In tempi incerti come questi, e nello specifico in queste difficili settimane, una notizia positiva c’è: la Fondazione Arena di Verona archiviato (speriamo per sempre) il palco a centro dell’anfiteatro torna a fare musicale al chiuso, al Teatro Filarmonico, dove la stagione invernale si era interrotta sul più bello con una brillante Italiana in Algeri in attesa dell’attesissimo (scusate il gioco di parole) Amleto di Franco Faccio.
E il Teatro Filarmonico riprende proprio da quel punto, con un concerto sinfonico che doveva essere inizialmente eseguito il 28 e 29 febbraio, andato finalmente in scena il 16 e 17 ottobre.

Il programma era basato su due autori, Felix Mendelssohn e Amilcare Ponchielli e il fil rouge sembrava essere quello del sogno: il concerto si apriva infatti con l’Overture Le Ebridi, poema sinfonico ante litteram dai caratteri di un descrittivismo onirico, scaturito dalla visita di Mendelssohn alle isole Ebridi e in particolare la grotta di Fingal situata sull’isola di Staffa, e si chiudeva con l’esecuzione del Sogno di una notte di mezza estate dello stesso Mendelssohn.

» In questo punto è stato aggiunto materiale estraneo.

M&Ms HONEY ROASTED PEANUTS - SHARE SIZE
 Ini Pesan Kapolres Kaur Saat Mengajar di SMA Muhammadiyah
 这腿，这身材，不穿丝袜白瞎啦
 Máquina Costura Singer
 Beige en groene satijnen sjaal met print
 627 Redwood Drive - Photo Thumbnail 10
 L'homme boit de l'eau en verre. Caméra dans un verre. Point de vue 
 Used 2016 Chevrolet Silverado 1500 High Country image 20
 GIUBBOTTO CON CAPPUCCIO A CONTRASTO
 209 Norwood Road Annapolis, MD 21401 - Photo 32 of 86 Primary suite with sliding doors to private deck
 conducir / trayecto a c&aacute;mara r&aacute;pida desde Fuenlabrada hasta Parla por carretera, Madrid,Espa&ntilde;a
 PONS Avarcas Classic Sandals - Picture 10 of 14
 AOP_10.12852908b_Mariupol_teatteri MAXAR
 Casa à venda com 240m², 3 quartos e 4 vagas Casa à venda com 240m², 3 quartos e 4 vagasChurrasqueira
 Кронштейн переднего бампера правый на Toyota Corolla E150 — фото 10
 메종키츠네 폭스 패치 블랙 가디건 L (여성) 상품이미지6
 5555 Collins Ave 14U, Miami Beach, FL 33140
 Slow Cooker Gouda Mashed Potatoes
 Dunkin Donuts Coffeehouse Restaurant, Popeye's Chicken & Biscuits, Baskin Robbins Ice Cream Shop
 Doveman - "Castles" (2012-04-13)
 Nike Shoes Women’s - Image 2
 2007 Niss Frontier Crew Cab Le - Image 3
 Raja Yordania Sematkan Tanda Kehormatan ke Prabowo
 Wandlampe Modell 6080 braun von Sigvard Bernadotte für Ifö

In mezzo a questi due affreschi felice parentesi sono il Konzertstück n. 2 in re minore op. 114 di Mendelssohn e Il Convegno per due clarinetti ed orchestra di Ponchielli: qui a vestire di virtuosismo ed espressione le note dei due compositori i clarinettisti Giampiero Sobrino e Stefano Conzatti, affiatati nel dialogo pensato da Mendelssohn per il virtuoso romantico Heirich Bärmann e suo figlio Carl, e altrettanto nell’acceso divertimento ponchielliano.

Nel Sogno di una notte di mezza estate lodiamo innanzitutto la felice prova del coro femminile diretto da Vito Lombardi e le voci timbrate di Manuela Schenale (soprano) e Alessandra Andreetti (mezzosoprano).
Altrettanto vincente è la prova dell’Orchestra dell’Arena di Verona, caratterizzata da suono lussureggiante e compattezza strumentale, diretta con eleganza e fermezza da Pietro Borgonovo.